Understanding Categorical Embedding in Deep Learning
In insurance, structured data provides valuable information to the problems that we want to solve, and often this information is captured as categorical variables. Therefore manipulating categorical variables into the right format for Machine Learning (ML) models becomes an essential part of the ML pipeline. Common approaches such as one-hot encoding and mean response encoding might work for particular types of models. However, the process of transforming categorical data can be challenging, very time consuming and result in loss of information and sparse input to Neural Network (NN) models. At LV, we are leveraging the success of word embedding, where sematic and syntactic relationships are captured between words. We are exploring the use of categorical embeddings in order to obtain intrinsic properties of categorical data to improve model performance. Furthermore, in this presentation, we will explore different ways of understanding the embedding space.

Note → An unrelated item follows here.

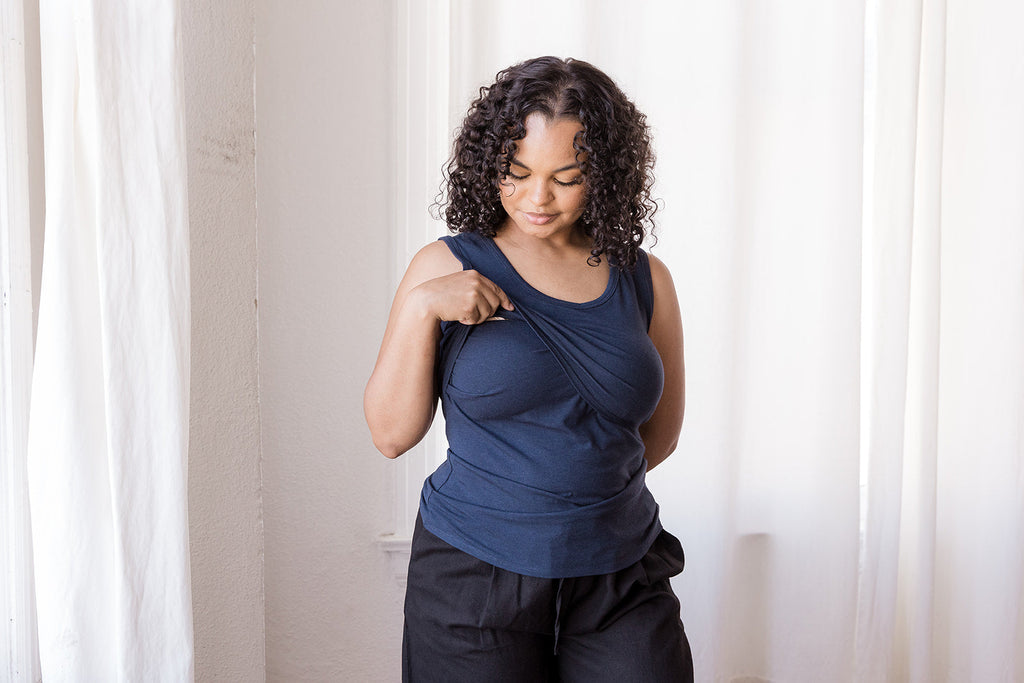 Everywhere Breastfeeding Tank Top - Navy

Dapeng Wang is a Senior Data Scientist at the insurance company LV=. He graduated in maths from the University of Cambridge and has an MSc from the University of Sussex. At LV=, Dapeng is leading in the adoption of Deep Learning across the company. He is currently developing the end to end pipeline to build and integrate Deep Learning within current LV= processes. Dapeng is also a frequent Kaggle competitor and Kaggle competition expert. Dapeng looks forward to using his experience to help the deep learning community find suitable and better implementation solutions for deep learning.